Année de production 2025 – Durée 2 h 3 min – Pays: ITALIE, FRANCE – Venezia 82 Concorso

avec: Valeria Bruni Tedeschi, Fanni Wrochna, Noémie Merlant, Fausto Russo Alesi, Edoardo Sorgente, Vincenzo Nemolato, con la partecipazione di Noémie Lvovsky.

(édité par Roberto Tirapelle)

Synopsis: A la fin de la première guerre mondiale, alors que l’Italie enterre son soldat inconnu, la grande Eleonora Duse arrive au terme d’une carrière légendaire. Mais malgré son âge et une santé fragile, celle que beaucoup considèrent comme la plus grande actrice de son époque, décide de remonter sur scène.  Les récriminations de sa fille, la relation complexe avec le grand poète D’Annunzio, la montée du fascisme et l’arrivée au pouvoir de Mussolini, rien n’arrêtera Duse « la divine ».

Pietro Marcello revient avec une œuvre majeure : sa mise en scène des dernières années d’Éléonore Duse, un portrait somptueux de la Divine Comédie, entre scène et vie privée. Valeria Bruni Tedeschi y livre une prestation exceptionnelle.

Le réalisateur et scénariste Pietro Marcello revient au long métrage après une carrière consacrée aux courts métrages et aux documentaires, qui lui a valu de nombreuses récompenses. Avec DUSE, il signe son quatrième long métrage, après avoir déjà rencontré un succès considérable avec ses trois premiers films.
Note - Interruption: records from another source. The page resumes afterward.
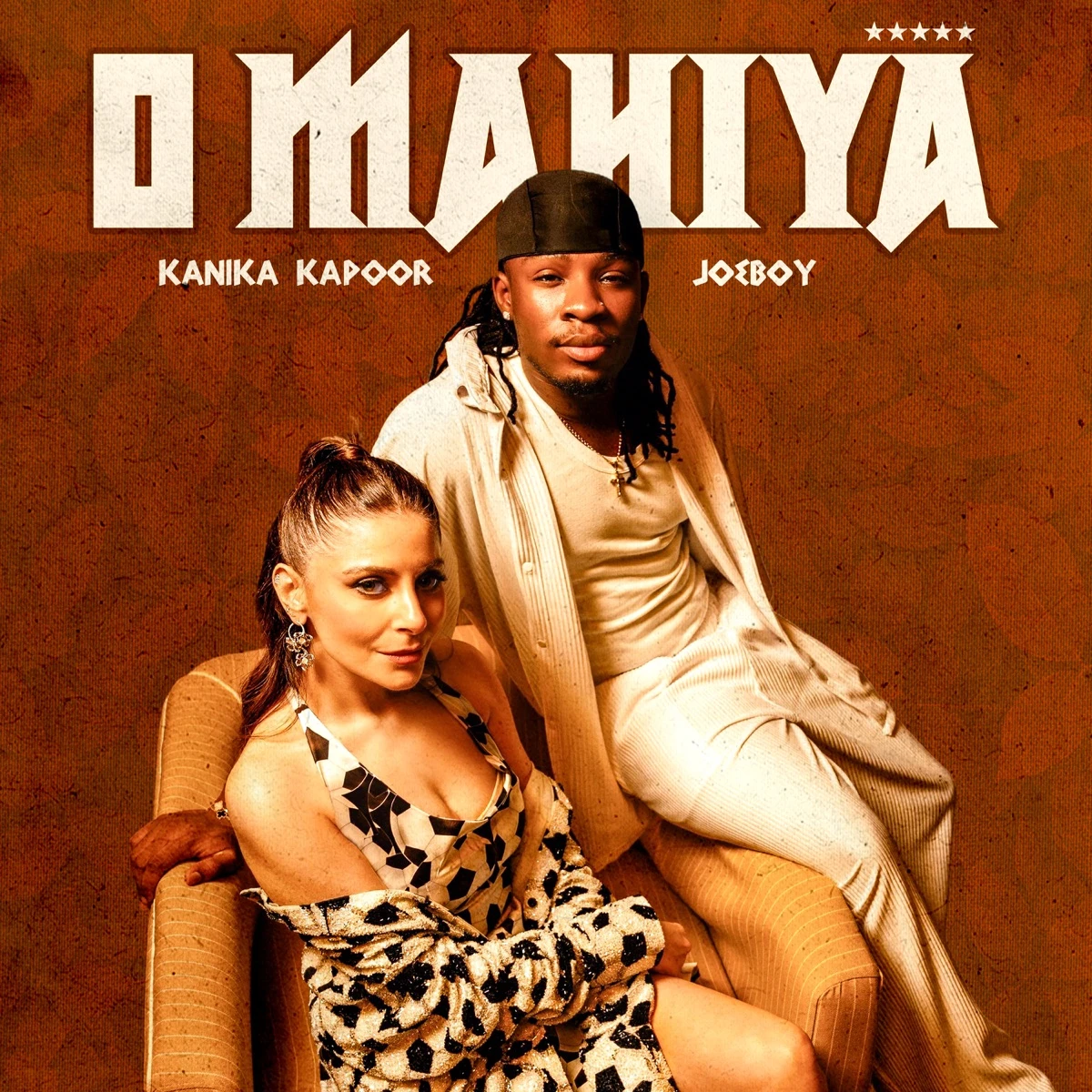 O Mahiya Lyrics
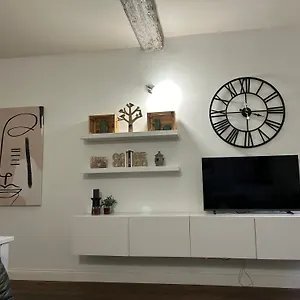 Apartment Leon Rosso Flat, Florence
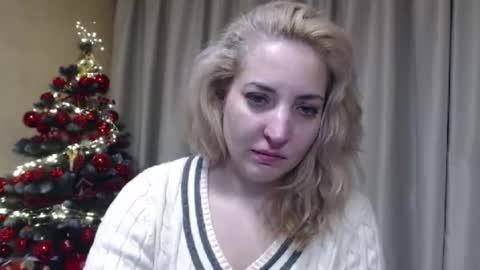 Mari online show from December 20, 11:44 pm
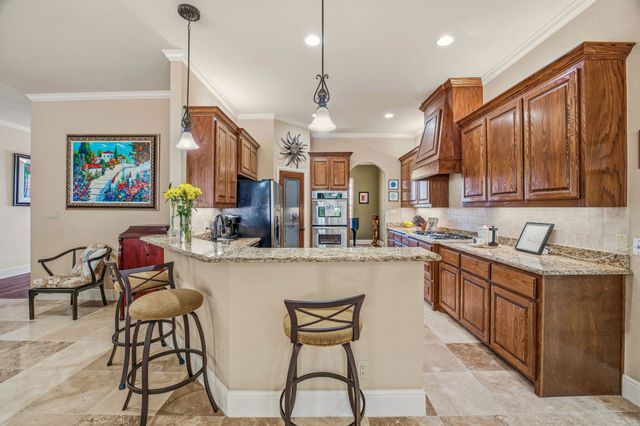 1218 Meander Road, Granbury, TX 76049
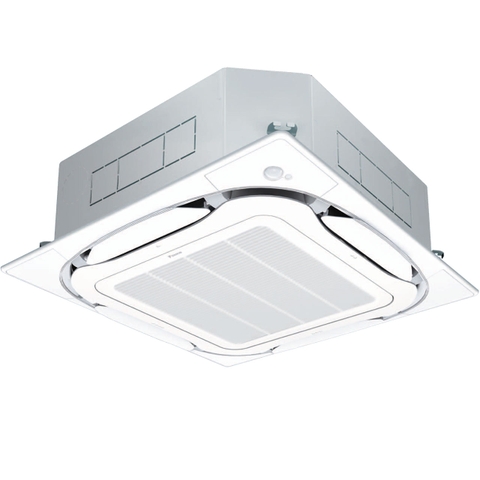 Điều Hòa Âm Trần Cassette Daikin FCTF71AVM/RZF71CV2V | Hàng chính hãng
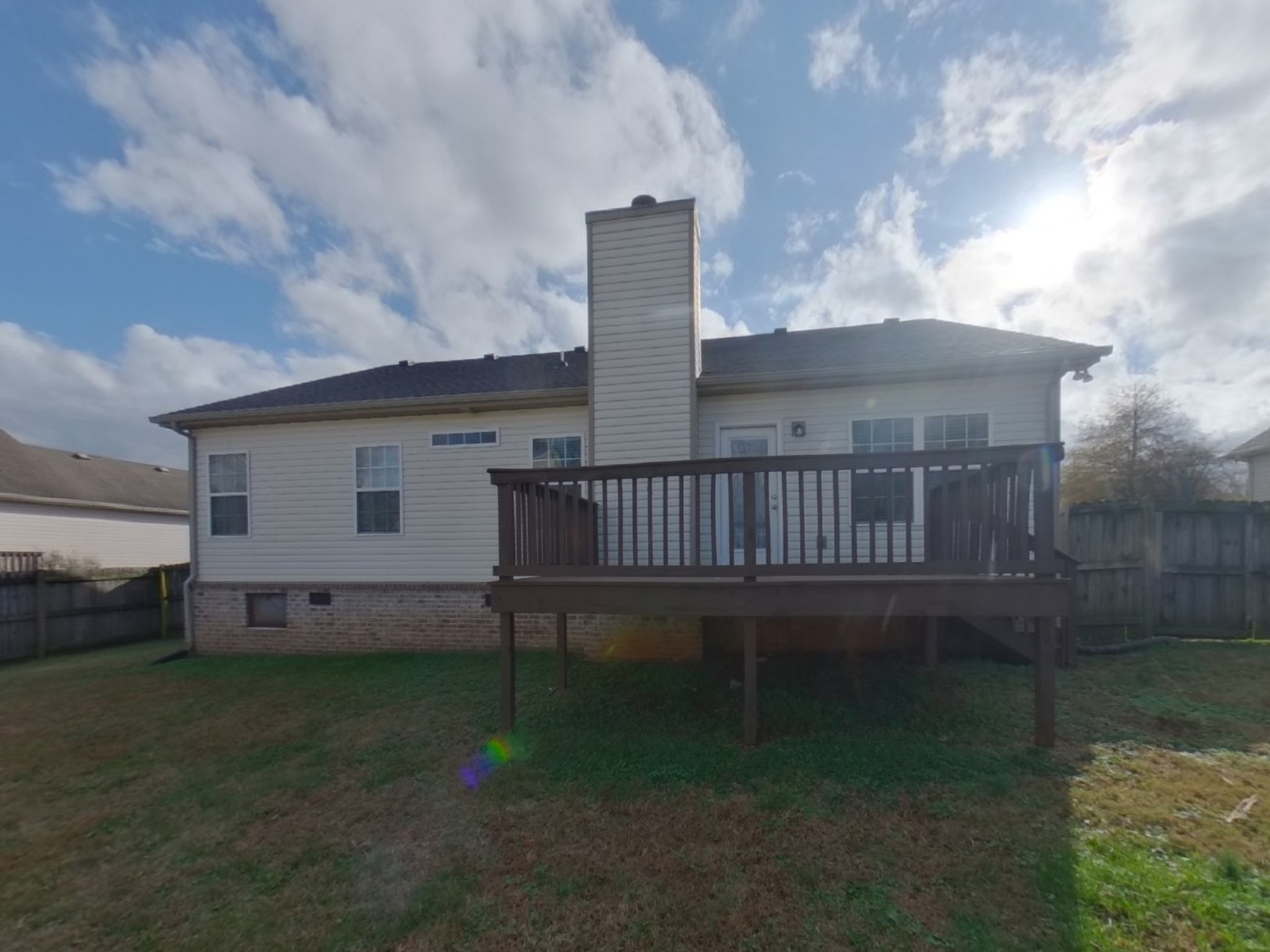 1206 Aretha Drive Murfreesboro TN 37128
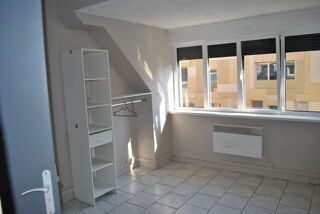  Appartement à louer 1 pièce 17 m²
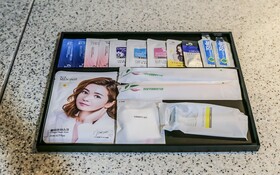 Pohang Ocheon Q Motel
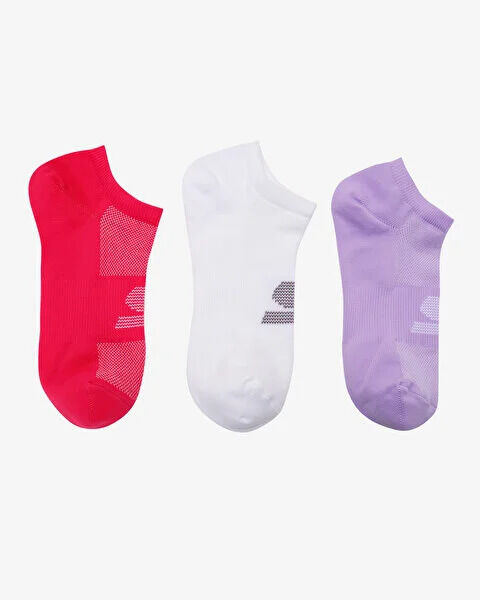 Resim U Low Cut 3 Pack Sock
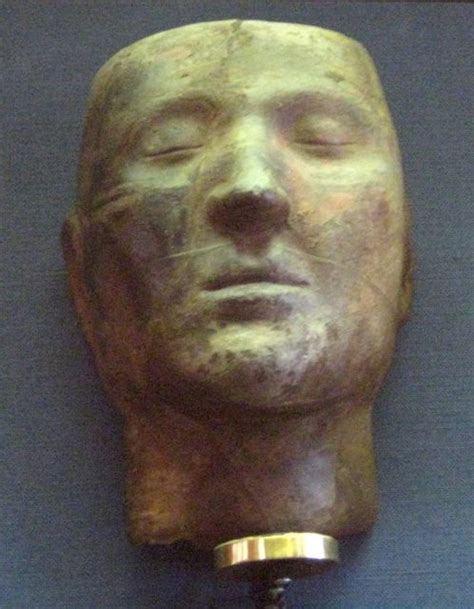 Death masks from the warrior race of Siberia unearthed from 1,500 years ...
Il a notamment été salué par la critique lors du Festival de Venise pour son travail sur Martin Eden, avec Luca Marinelli, qui a remporté la Coupe Volpi du meilleur acteur.

Avec Duse, le réalisateur a choisi de se concentrer sur les dernières années de la vie de la Divine, une période marquée par de profonds bouleversements historiques. Marcello ne souhaitait pas réaliser un biopic, mais plutôt aborder des thèmes qui lui sont chers : le rôle de l’artiste face aux tragédies de l’histoire, face à la maladie, sa relation avec D’Annunzio et avec Mussolini. En somme, il voulait documenter le dilemme entre l’art et le pouvoir, l’art et l’argent.

Éléonore était une femme condamnée à ne trouver la grandeur que sur les planches. En réalité, elle se heurta à ses propres limites, ainsi qu’à celles de la société de son époque. Un artiste est toujours un produit de son temps, mais en ce sens, Éléonore Duse était résolument en avance sur son temps.

Le film s’ouvre sur le générique, un panoramique sur un champ de bataille animé par des soldats de bois de la Première Guerre mondiale, dans un brouillard épais et des nuages ​​de poudre. Immédiatement après, Duse, accompagnée de son assistante, rend visite aux soldats italiens au front. Le réalisateur souhaite ainsi illustrer clairement la crise que traverse la grande actrice et la tragédie qui ravage le pays.

Parallèlement, Duse tente de monter «La Dame de la mer », la pièce d’Ibsen qu’elle affectionne, avec une troupe de jeunes acteurs auxquels elle prodigue ce conseil : « L’art, comme la guerre, exige du sang, de la sueur, de la boue, du courage et de la discipline. »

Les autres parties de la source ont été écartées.